Re-election campaigns get so much easier when you can pick your own opponent. Six years ago, Claire McCaskill survived by helping to ensure that Todd Akin won the GOP primary, after which he spectacularly and memorably self-destructed. This time, however, McCaskill faces a more formidable opponent in Josh Hawley, and a new poll from the Missouri Times shows Hawley edging into the lead:
Attorney General Josh Hawley leads incumbent Democratic U.S. Sen. Claire McCaskill in this year’s race for the U.S. Senate, according to new polling.
A new survey, conducted by the Remington Research Group on behalf of The Missouri Times, shows that of 1,034 surveyed voters, 50 percent approve of President Donald Trump, while also showing that the Republican attorney general may have a slight competitive edge over the incumbent Democrat.
Two points to remember: It’s within the margin of error, and it’s the first poll showing Hawley with a lead. The RCP average on this race is McCaskill +1 with this poll in the mix. Hawley hasn’t had a lead since the first week of January in this series, so this might well be an outlier.
However, the poll sample is unusually large for a state race, which makes the data at least somewhat more reliable. Furthermore, it’s the first poll in the RCP tracking series since two months ago, which McCaskill led just outside the margin of error. Finally, even with all of those caveats, this poll puts McCaskill’s level of support where it has been all along — in the mid-40s. Even in the polls where McCaskill led, she did so with 42% or 45% of the sample. It’s a danger signal for incumbents when they can’t get to 50%, as undecideds usually break hard for the challenger in the final days of the contest.

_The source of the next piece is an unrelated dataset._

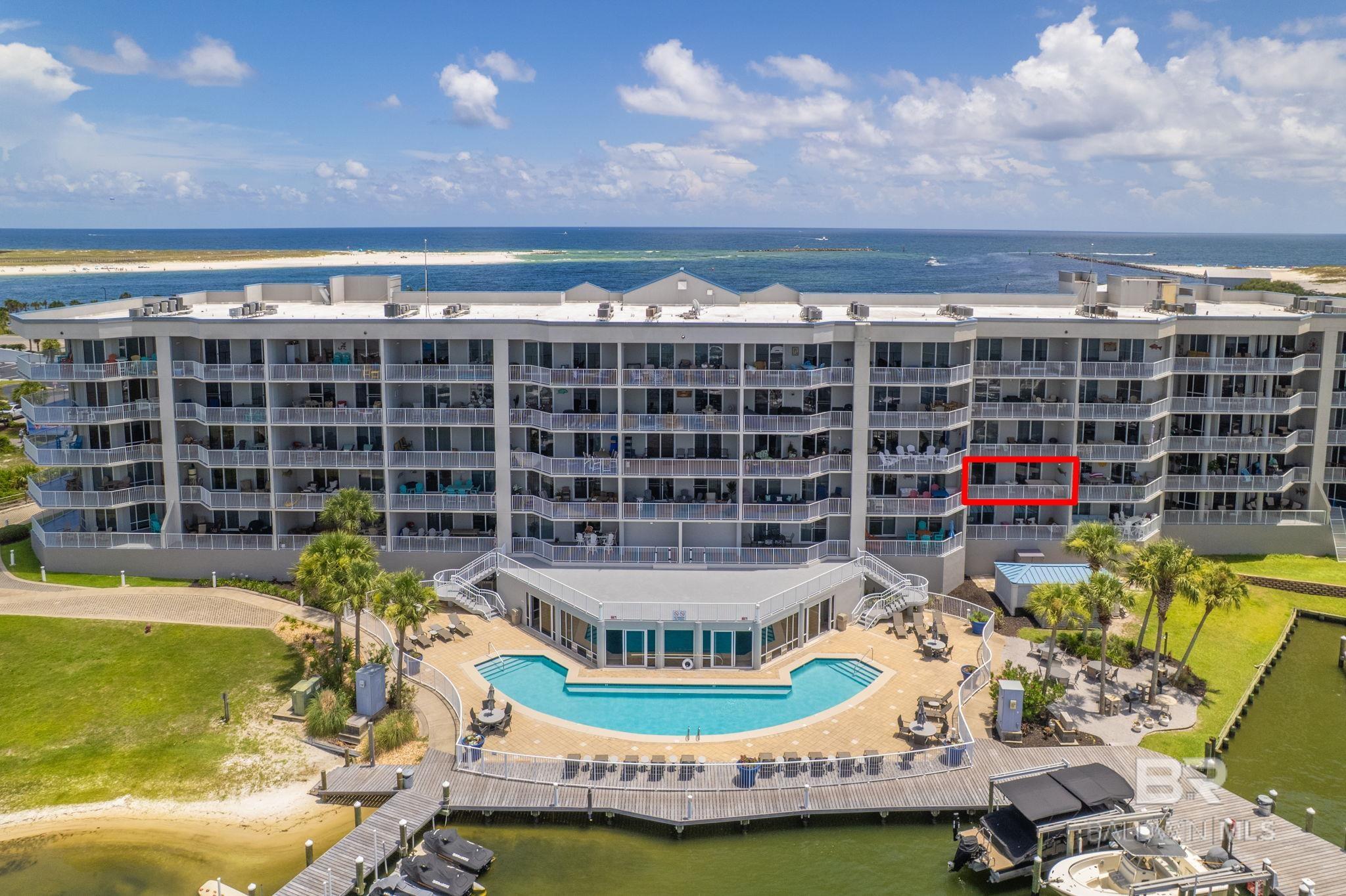 Condos for Sale in Mariner Pass - Orange Beach AL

How reliable is this result? It does have a very surprising result on an August ballot proposition establishing right-to-work prohibitions against closed shops. That looks to be going down to a big defeat, 38/56 with only six percent undecided. If this was skewed more to the GOP, Trump, and Hawley, one might expect to see right-to-work legislation get more support. Unfortunately, we don’t get access to crosstabs and sample data, so indirect inferences of reliability are all we get.
Still, this raises the stakes for McCaskill, especially when it comes to the confirmation vote on Brett Kavanaugh. If McCaskill chooses to vote no — and especially if she cooperates with obstructive tactics at Chuck Schumer’s direction — Hawley will have a field day in Missouri over it.